* [TRY IT]:
Omit the pictures and reproduce the rest of the listing exactly.

* [SOURCE RECORDS]:
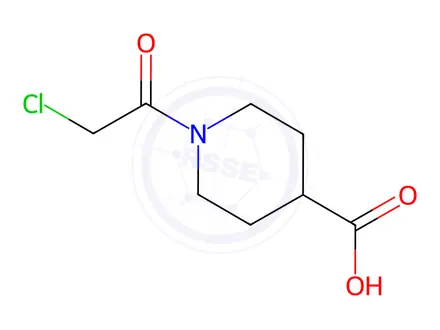 Chemical structure of 1-(2-Chloroacetyl)-4-piperidinecarboxylic acid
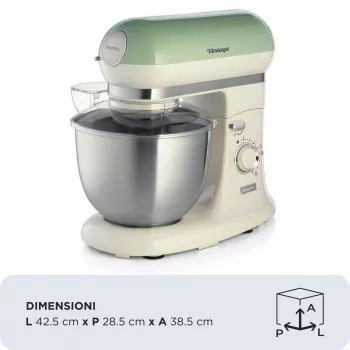 Robot de cocina Ariete 1588 2400 W 5,5 L verde blanco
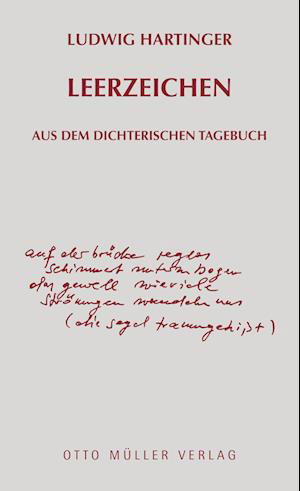 Cover for Ludwig Hartinger · Leerzeichen (Book) (2022)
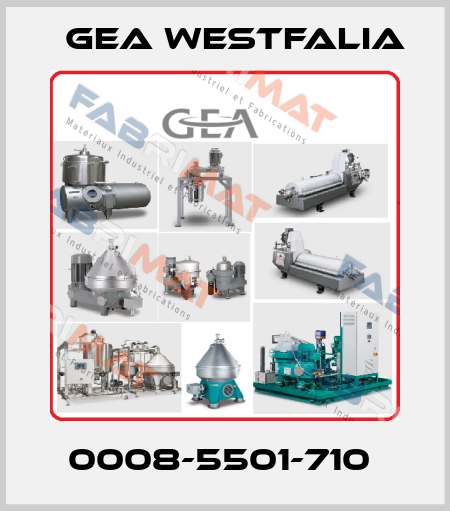 0008-5501-710  Gea Westfalia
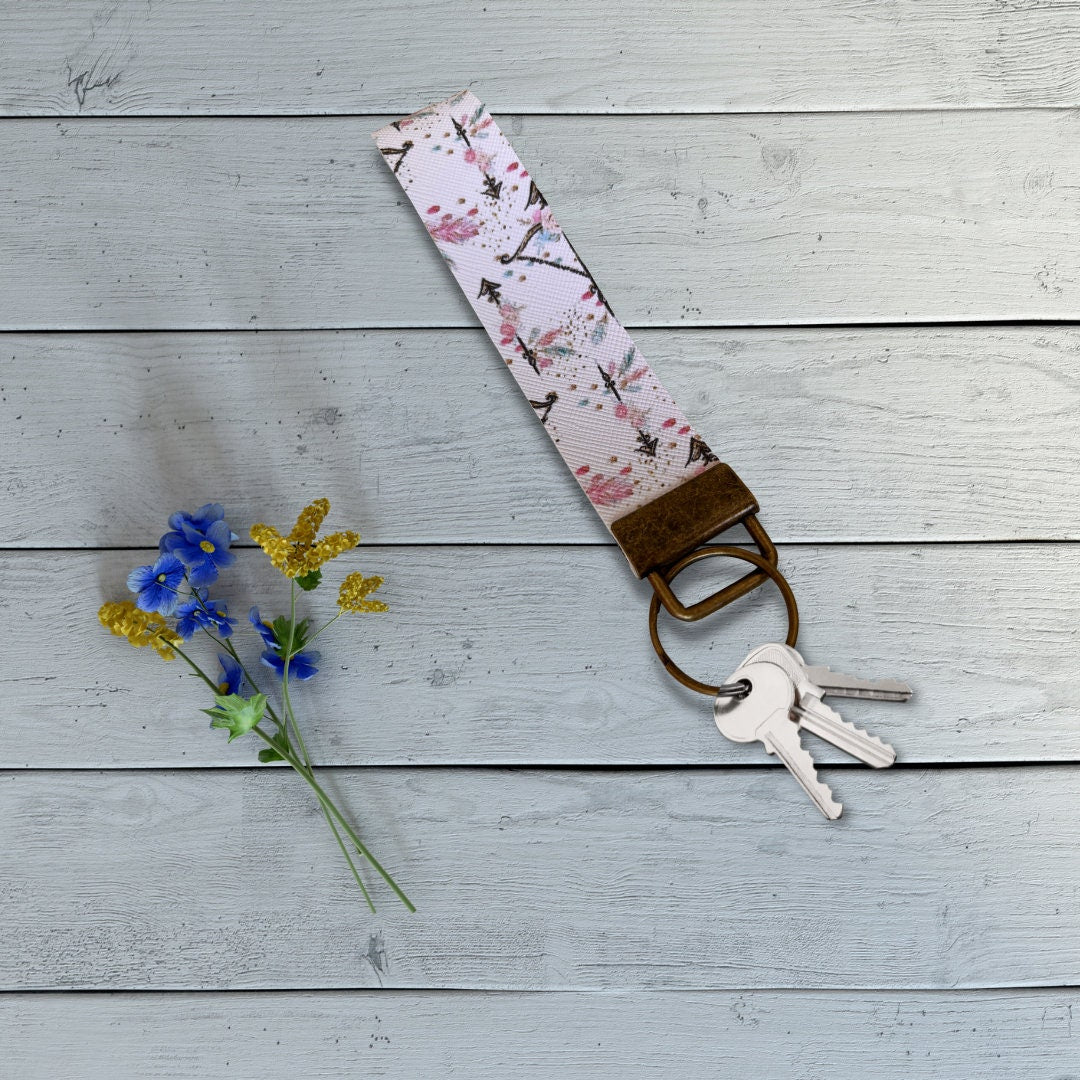 Boho Arrow Wristlet | Arrow Wristlet | Arrow Key Fob | Faux Leather Wristlet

* [ANSWER SECTION]:
 Chemical structure of 1-(2-Chloroacetyl)-4-piperidinecarboxylic acid
 Robot de cocina Ariete 1588 2400 W 5,5 L verde blanco
 Cover for Ludwig Hartinger · Leerzeichen (Book) (2022)
 0008-5501-710  Gea Westfalia
 Boho Arrow Wristlet | Arrow Wristlet | Arrow Key Fob | Faux Leather Wristlet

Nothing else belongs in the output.